Data records:
· · ·

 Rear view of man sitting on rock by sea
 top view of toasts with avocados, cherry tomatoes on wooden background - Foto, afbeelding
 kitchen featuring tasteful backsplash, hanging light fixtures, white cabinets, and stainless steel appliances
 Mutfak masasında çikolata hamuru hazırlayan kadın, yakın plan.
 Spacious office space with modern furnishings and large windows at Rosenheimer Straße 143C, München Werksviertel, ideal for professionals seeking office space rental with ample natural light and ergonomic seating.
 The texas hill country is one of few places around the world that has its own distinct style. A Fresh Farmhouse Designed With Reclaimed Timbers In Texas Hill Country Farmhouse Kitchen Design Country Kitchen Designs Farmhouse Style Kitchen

· · ·

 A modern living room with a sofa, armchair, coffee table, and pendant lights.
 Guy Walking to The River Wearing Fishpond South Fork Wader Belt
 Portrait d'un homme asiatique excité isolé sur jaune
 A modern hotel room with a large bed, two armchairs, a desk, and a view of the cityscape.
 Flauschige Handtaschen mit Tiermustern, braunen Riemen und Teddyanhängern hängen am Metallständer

· · ·

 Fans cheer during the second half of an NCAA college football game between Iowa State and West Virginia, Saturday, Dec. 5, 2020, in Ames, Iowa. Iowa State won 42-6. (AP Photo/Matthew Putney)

· · ·

Exercise directions: Go through the entries above and copy out every line that includes the word "room".

Result:
 A modern living room with a sofa, armchair, coffee table, and pendant lights.
 A modern hotel room with a large bed, two armchairs, a desk, and a view of the cityscape.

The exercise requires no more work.